■ **EXERCISE GOAL**: Exactly the lines below, starting with the one containing "Hohner PBH7 Piedmont" and going on through the one containing "Coastal Discoveries: Exploring", must be reproduced, both ends included, and no pictures with them.

■ **RECORDED DATA**:

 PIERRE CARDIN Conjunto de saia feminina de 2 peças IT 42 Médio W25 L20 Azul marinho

---

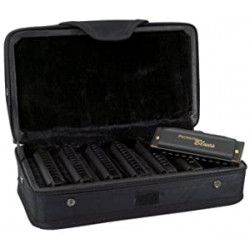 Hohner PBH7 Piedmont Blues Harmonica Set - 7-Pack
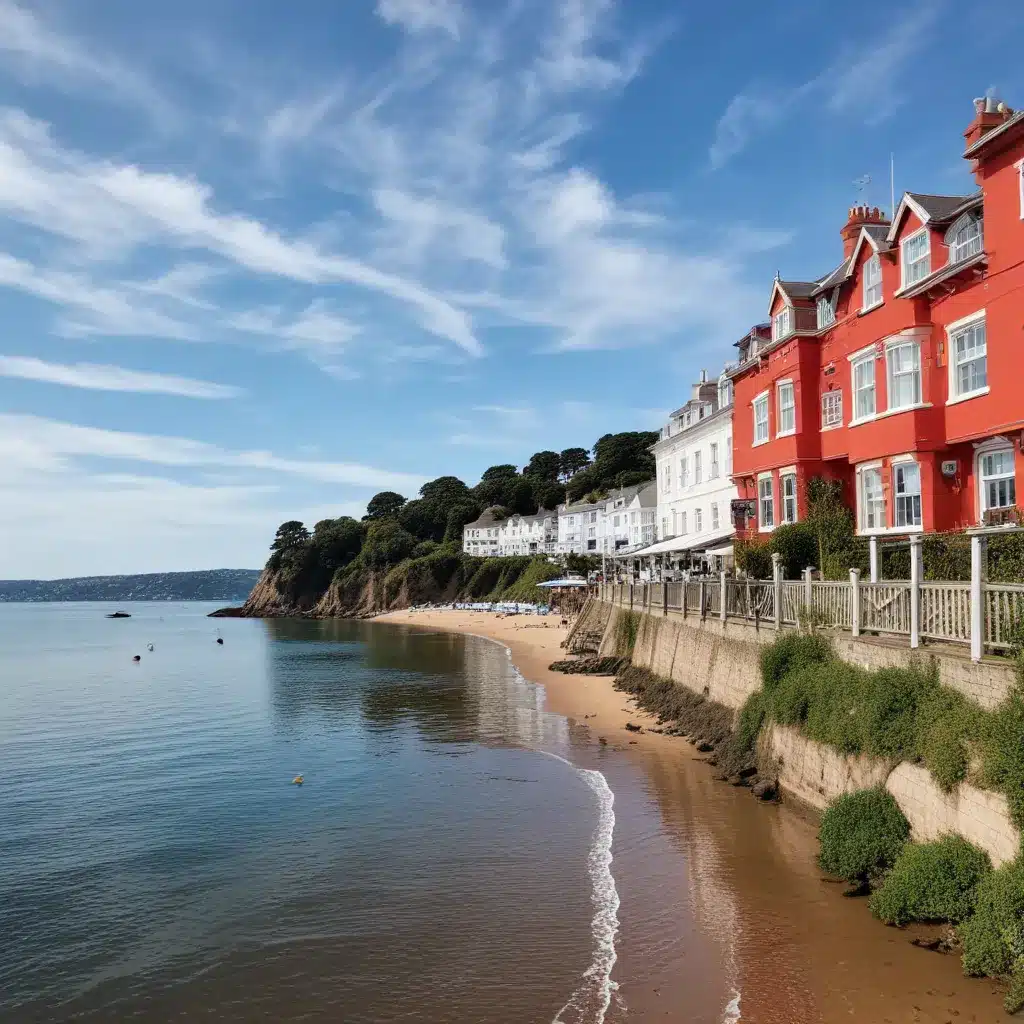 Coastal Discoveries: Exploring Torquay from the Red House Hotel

---

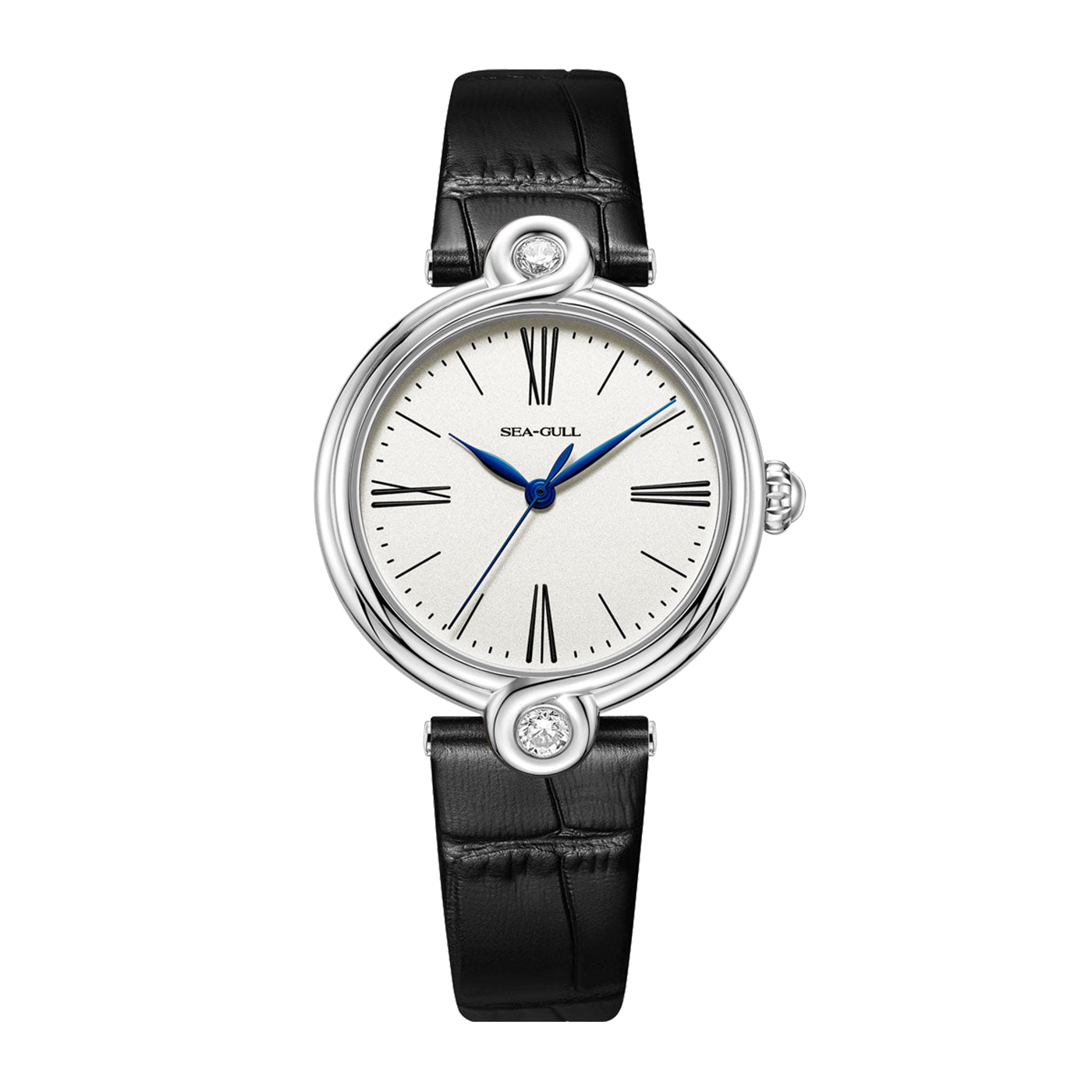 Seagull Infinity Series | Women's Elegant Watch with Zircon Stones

■ **SOLUTION TO THE PROBLEM**:
 Hohner PBH7 Piedmont Blues Harmonica Set - 7-Pack
 Coastal Discoveries: Exploring Torquay from the Red House Hotel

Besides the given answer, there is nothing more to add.